U.S. August Retail Sales - Still Resilient
August retail sales with a 0.6% increase, with the ex-auto and ex auto and gasoline gains both at 0.7%, are stronger than expected and suggest continued consumer resilience despite a slowing in employment growth. The rise modestly exceeds a 0.5% rise in CPI commodity prices in August.
Real disposable income growth exceeded spending in Q1 and Q2 which gives consumers some support as slowing employment growth and tariff-induced price hikes eat into real disposable income in Q3. We do however expect consumer spending to start losing momentum before the end of the year.
Back month revisions are marginally positive, with July and June gains both revised up to 0.6% and 1.0% respectively. That means three straight gains after declines seen in April and May. The performance of equities may have restrained consumer sentiment in April and May before recovering.

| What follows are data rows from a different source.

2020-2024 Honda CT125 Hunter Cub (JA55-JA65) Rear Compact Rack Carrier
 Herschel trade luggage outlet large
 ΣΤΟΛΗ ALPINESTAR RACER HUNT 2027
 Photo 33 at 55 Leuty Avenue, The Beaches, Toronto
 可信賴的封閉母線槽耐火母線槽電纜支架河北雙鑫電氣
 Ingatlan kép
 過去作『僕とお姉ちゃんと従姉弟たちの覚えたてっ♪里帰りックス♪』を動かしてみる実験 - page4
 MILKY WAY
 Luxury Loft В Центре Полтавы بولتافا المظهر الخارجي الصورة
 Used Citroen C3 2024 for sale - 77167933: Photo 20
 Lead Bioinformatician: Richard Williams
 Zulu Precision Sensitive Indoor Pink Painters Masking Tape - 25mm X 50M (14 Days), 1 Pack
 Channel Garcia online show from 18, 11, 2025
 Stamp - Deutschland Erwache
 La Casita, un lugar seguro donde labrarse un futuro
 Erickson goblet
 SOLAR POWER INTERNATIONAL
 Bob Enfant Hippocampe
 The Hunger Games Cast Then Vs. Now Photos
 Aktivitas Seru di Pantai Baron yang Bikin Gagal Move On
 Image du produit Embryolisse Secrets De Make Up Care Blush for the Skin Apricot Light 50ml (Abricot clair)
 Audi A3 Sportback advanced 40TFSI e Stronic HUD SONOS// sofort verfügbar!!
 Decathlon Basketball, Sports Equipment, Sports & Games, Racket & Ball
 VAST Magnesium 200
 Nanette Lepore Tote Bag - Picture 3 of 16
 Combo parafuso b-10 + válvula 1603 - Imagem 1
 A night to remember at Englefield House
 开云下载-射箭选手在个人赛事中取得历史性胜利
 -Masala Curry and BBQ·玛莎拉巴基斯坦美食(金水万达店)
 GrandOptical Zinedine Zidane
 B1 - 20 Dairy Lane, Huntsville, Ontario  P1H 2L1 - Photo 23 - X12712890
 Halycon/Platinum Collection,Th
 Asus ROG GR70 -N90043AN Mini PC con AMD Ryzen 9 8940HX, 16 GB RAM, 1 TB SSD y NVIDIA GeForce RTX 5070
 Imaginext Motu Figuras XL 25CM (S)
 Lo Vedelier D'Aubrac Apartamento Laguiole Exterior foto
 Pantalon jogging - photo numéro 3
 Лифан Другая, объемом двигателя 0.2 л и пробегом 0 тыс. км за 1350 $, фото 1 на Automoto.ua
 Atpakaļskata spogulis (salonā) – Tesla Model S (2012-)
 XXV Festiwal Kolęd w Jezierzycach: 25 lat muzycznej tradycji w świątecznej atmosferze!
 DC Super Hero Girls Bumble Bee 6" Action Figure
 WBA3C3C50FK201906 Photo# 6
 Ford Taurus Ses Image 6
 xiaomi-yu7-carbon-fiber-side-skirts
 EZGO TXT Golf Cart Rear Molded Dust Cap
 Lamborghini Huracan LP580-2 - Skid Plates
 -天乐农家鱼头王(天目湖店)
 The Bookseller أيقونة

There are few standouts in the monthly detail. Clothing was particularly strong at 1.0% but tariffs may be increasingly lifting prices there. General merchandise was relatively weak with a 0.1% decline.
3m/3m growth of 1.0% overall is the highest since January while ex auto at 1.4% is the highest since October 2023. Ex auto and gasoline at 1.4% is the highest since December 2024. These are resilient numbers even when taking into account that goods price inflation is picking up.